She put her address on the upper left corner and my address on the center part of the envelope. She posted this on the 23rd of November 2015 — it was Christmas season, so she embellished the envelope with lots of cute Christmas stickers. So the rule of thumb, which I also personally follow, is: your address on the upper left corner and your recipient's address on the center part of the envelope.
* * *
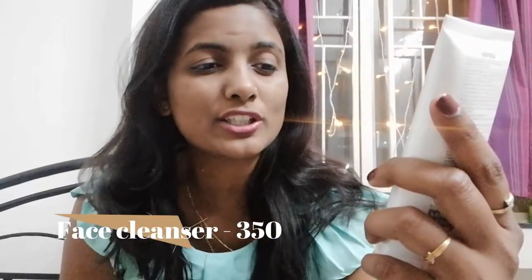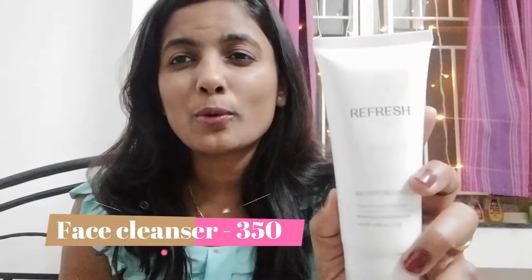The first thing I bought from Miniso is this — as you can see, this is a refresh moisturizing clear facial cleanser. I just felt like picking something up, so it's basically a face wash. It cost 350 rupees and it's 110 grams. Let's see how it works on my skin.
* * *
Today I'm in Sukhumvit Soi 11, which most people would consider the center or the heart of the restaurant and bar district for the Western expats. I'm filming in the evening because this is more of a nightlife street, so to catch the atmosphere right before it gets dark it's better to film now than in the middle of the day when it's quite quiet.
* * *
**Problem to work on**.
Lines containing the string "center" in the material: report how many there are, with no added words.

**Problem solution**.
2